India’s longest-range ballistic missile, Agni-III has more serious problems than have been reported. Unless rectified and successfully proven, the failed Agni- III test will continue to have serious implications for India’s credible minimum deterrence. Test-fired on July 9 from the integrated test range on Wheeler’s Island off the eastern Orissa coast in the Bay of Bengal, the missile failed after the initial 50 seconds of the launch. According to the defence minister, Pranab Mukherjee, who witnessed the test firing, “The take-off was successful but there were problems later.” Senior Defence Research and Development Organisation (DRDO) officials projected the impression to the media that the snag was a minor one. For example, all reports including the one carried by the UK-based ‘Jane’s Defence Weekly’ attributed the failure to the unsuccessful stage separation.
The ‘Times of India’ newspaper said that because the second stage did not separate from the payload, additional drag was felt on the payload in space resulting in its falling into the sea. Here then are two types of reports: One suggesting that the first and the second stage of the rocket did not separate, and the other saying that the second stage did not de-link itself and fall-off before the re-entry vehicle containing the payload entered space after the powered flight. Successful stage separation, it is well-established, is a difficult business. To fully appreciate the problems encountered by Agni-III test-firing and its implication, it is necessary that the Agni programme be viewed in its entirety.

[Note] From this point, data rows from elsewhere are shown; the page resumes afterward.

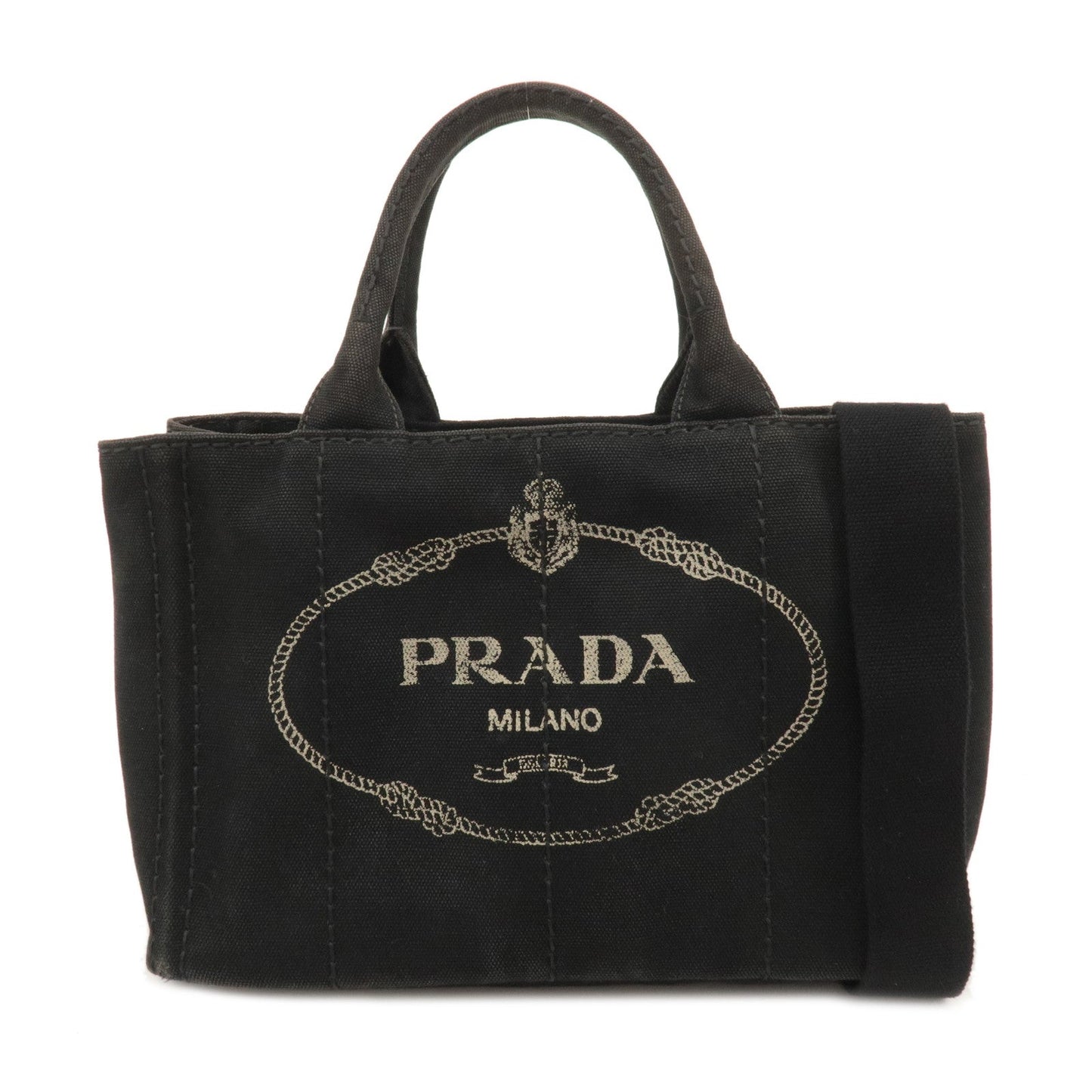 PRADA Canapa Mini Canvas 2Way Bag Tote Bag Black 1BG439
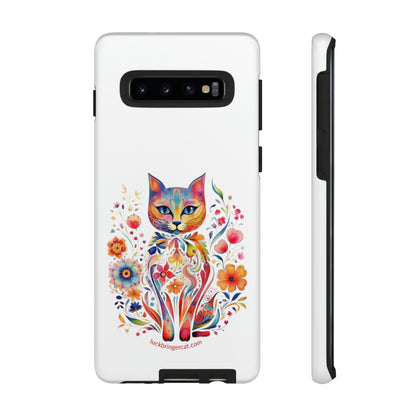 Phone Case for Cat and Flower Lovers- iPhone, Samsung Galaxy, Google Pixel- Colorful Floral Cat-White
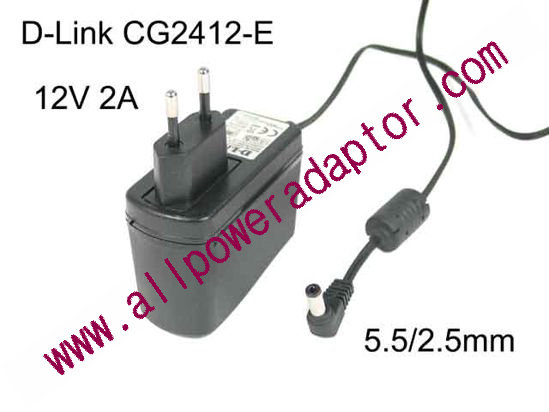 D-Link CG2412-E AC Adapter 5V-12V 12V 2A, Barrel 5.5/2.5mm, EU 2-Pin Plug, CG2412-E
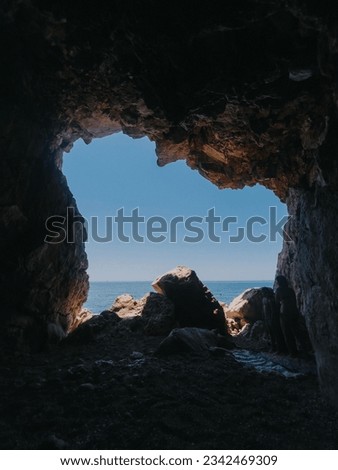 Similar – Image, Stock Photo View from the cave Valea Firii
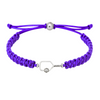 Purple bracelet with a silver pickleball paddle charm on white background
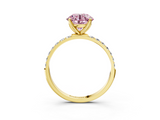 Yellow gold Fancy Pink Round  Solitaire Pavé Diamond Engagement Ring with Four-Prong Setting_3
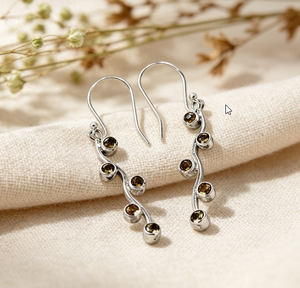 Boucles d'oreilles créoles en argent style Art Palace avec citrine, pendantes et clous, bijoux tendance - Product Image 1
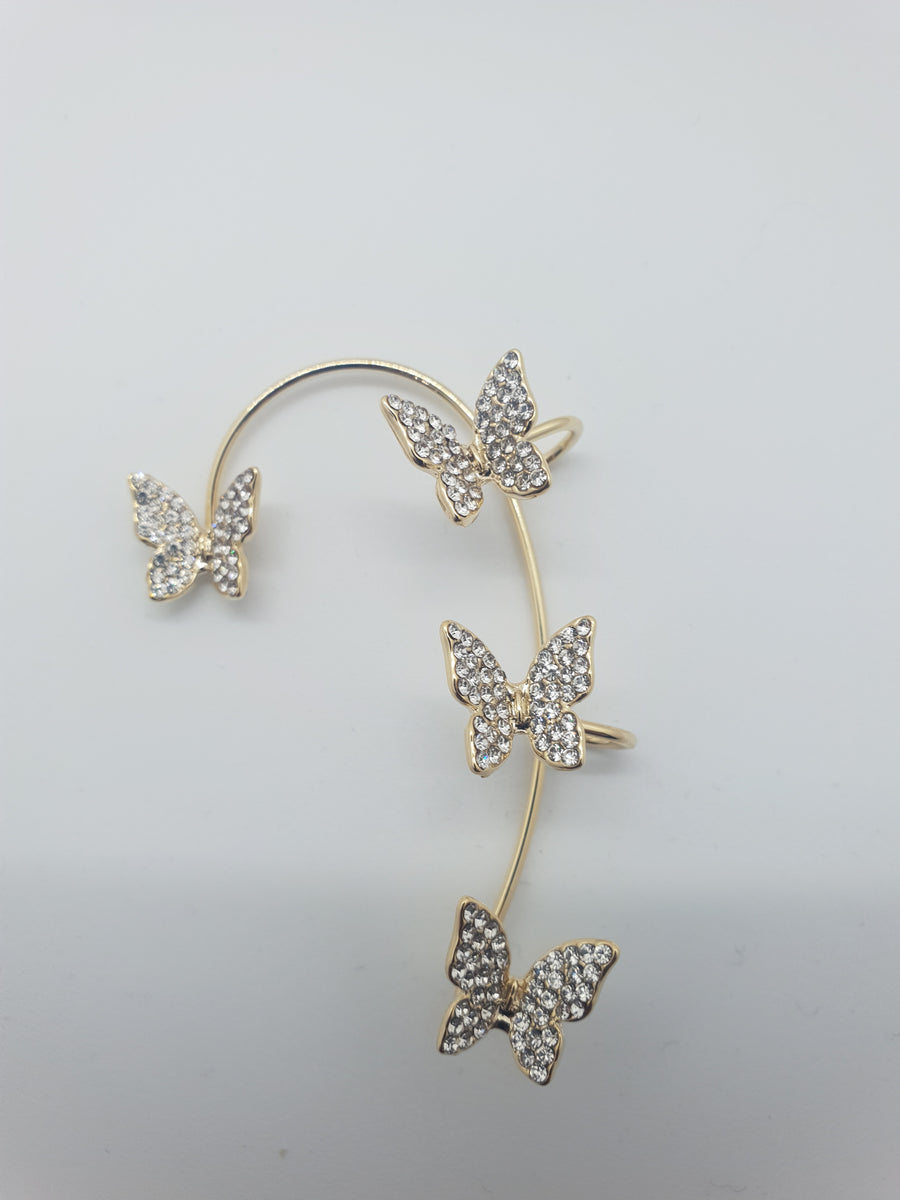 Detalii finisaj Cercel The Butterfly Circle din Inox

It may be recalled that the Agni-I test conducted in 1992 was a failure. Called the technology demonstrator, the Agni-I had a total of four test-firings, including the failed one, between 22 May 1989 and 19 February 1994. The first Agni-I test used the ullage motors to power the vehicle for the split second duration when stage one burnt out and stage two got ignited. The second Agni-I test dispensed with the ullage motors resulting in the failure when stage two failed to ignite just before stage one burnt out. Consequently, the other two Agni-I successful tests used the ullage motors. It was realised that stage separation was a complex business especially when two different types of propellants were used.